Personal information
- Date of birth: 6 August 2004 (age 21)
- Place of birth: Trapani, Italy
- Height: 1.75 m (5 ft 9 in)
- Position: Midfielder

Team information
- Current team: Cosenza
- Number: 19

Youth career
- 2010–2013: La Vittoriosa
- 2013–2023: SPAL

Senior career*
- Years: Team / Apps / (Gls)
- 2023–2025: SPAL / 30 / (0)
- 2024–2025: → Carpi (loan) / 26 / (2)
- 2025–: Cosenza / 29 / (2)

= Nicolò Contiliano =

Italian footballer (born 2004)

Nicolò Contiliano (born 6 August 2004) is an Italian professional footballer who plays as a midfielder for club Cosenza.

== Early life ==
Contiliano was born in Trapani, where his mother, former basketball player Anna Malisardi, was playing at the time.

He moved to Ferrara with his family in 2009, settling in the near comune of Santa Maria Maddalena. He went on to play basketball in Vis Ferrara's youth sector for one season, before switching to football.

== Club career ==
In 2010, Contiliano started playing football for local grassroots club La Vittoriosa, and then joined SPAL's youth sector in 2013. Having come through all of the club's youth ranks, he captained the under-18 squad that won the national championship in 2022, and kept the same role after being promoted to the under-19 team at the start of the 2022–23 season.

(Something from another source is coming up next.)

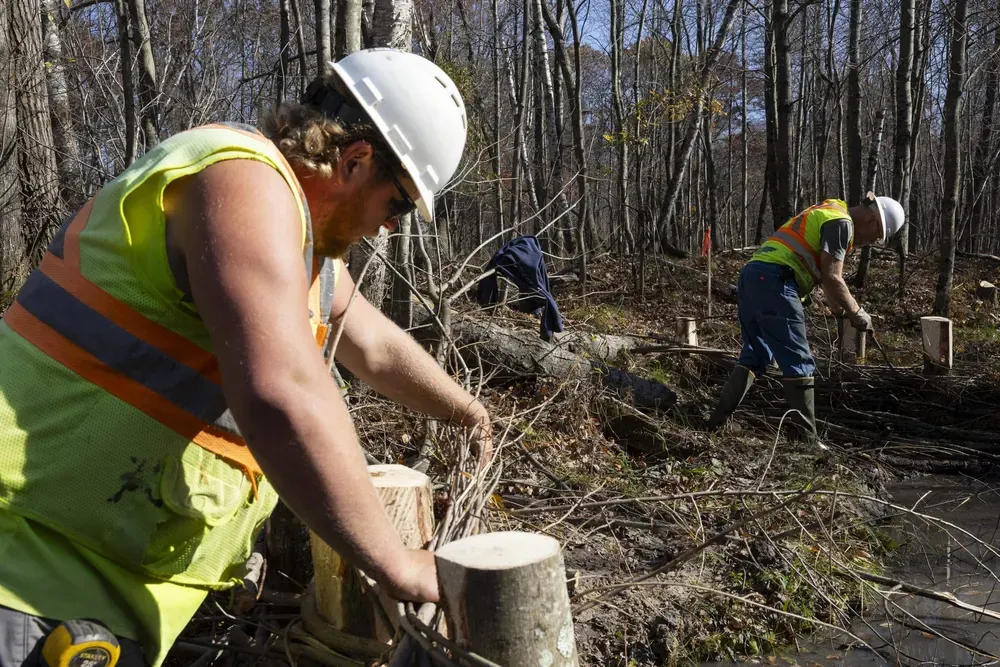 Two Hoffman Construction employees weave sticks and tree branches to build artificial beaver dams.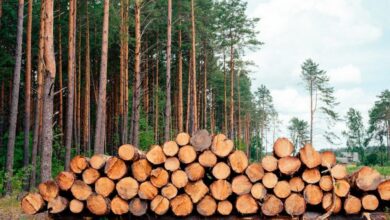 Дрова в Гродненской области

During the same campaign, Contiliano signed his first professional contract with SPAL, and was promoted to the first team under head coach Massimo Oddo. On 18 March 2023, he made his professional debut, starting in a 2–0 league loss against Südtirol. He went on to be a part of the team that suffered relegation to Serie C at the end of the season. In October of the same year, he extended his contract with the club until 2026.

On 1 August 2024, Contiliano joined newly promoted Serie C club Carpi on a season-long loan.

== International career ==
In June 2023, Contiliano received his first international call-up, joining a training camp with the Italian under-19 national team in preparation to the UEFA European Under-19 Championship.

== Style of play ==
Contiliano is mainly a holding midfielder, who can also cover in the box-to-box role. He has been regarded for his athleticism, his positioning, his defensive attributes and his leadership skills. A natural left-footer, he has also been praised for his wide passing range, despite not having notable finishing skills.

== Personal life ==
Contiliano's mother, Anna Malisardi, is a former basketball player.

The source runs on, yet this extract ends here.